Category: Veterans Issues

  • Washington Post: Want to help veterans? Stop pitying them.

    Chief Tango sends us a link to an opinion piece in today’s Washington Post by Howard Schultz and Rajiv Chandrasekaran entitled “Want to help veterans? Stop pitying them” which is basically the same thing that we’ve been saying for a while.

    The press, politicians and even many veterans’ advocacy groups tend to focus, with legitimate reason, on service members who have returned banged up or who are struggling in their new civilian lives. But this fails to convey the full measure of this generation of veterans. That wouldn’t be a problem if Americans knew their military and understood these stories in context, with the knowledge of veterans who are thriving. But fewer than 1 percent of Americans have participated in our latest wars. Add their direct family members, and it is still only about 5 percent of the population.

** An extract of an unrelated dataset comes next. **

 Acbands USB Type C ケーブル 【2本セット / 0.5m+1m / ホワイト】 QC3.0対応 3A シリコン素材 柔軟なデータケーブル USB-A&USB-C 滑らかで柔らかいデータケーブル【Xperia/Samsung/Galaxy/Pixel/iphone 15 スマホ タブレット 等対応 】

    With so few possessing a direct link to someone who has served, Americans often don’t understand that most of our veterans are not damaged and that many have successfully navigated the transition to life after the military. Even those suffering from trauma or physical injuries can have an enormously positive impact in their communities. Our veterans can make — and are making — valuable contributions in business, government, education, health and community service.

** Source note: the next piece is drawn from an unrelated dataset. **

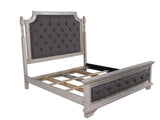 Charles-Nero White 6 PIECE KING BEDROOM SET by Mollai Collections | Bel Furniture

    Our all-volunteer force has provided us with the best-trained military in the world. The reliance on volunteers, however, has led many other Americans to pay scant attention to the sacrifice and skill of our warriors. We let them protect us, while we go on with life as usual.

    That lat part is probably the fault of George W. Bush who told us to go with our lives as usual so the terrorists don’t win. Some people don’t understand the limits of that statement. Some saw it as their duty to fight terrorism in the malls with their dollars and their inattention to the war. So now, their “pity” for veterans springs from that inattention. The only veterans that they read about in the news are the ones who misbehave and blame their military service for their crimes. Those are the veterans, or the non-veteran pretenders who thrive on the pity.

    I can rattle off the names of folks from Tim Poe to James Deon Korfhage who lied about their service to make excuses for their behavior. To get pity from judges and audiences.

    The concern about prospective bosses prying into post-traumatic stress or asking “Did you ever kill anyone?” prompted one active-duty soldier to tell us that he is more nervous about sitting for a job interview than he is about redeploying to Afghanistan.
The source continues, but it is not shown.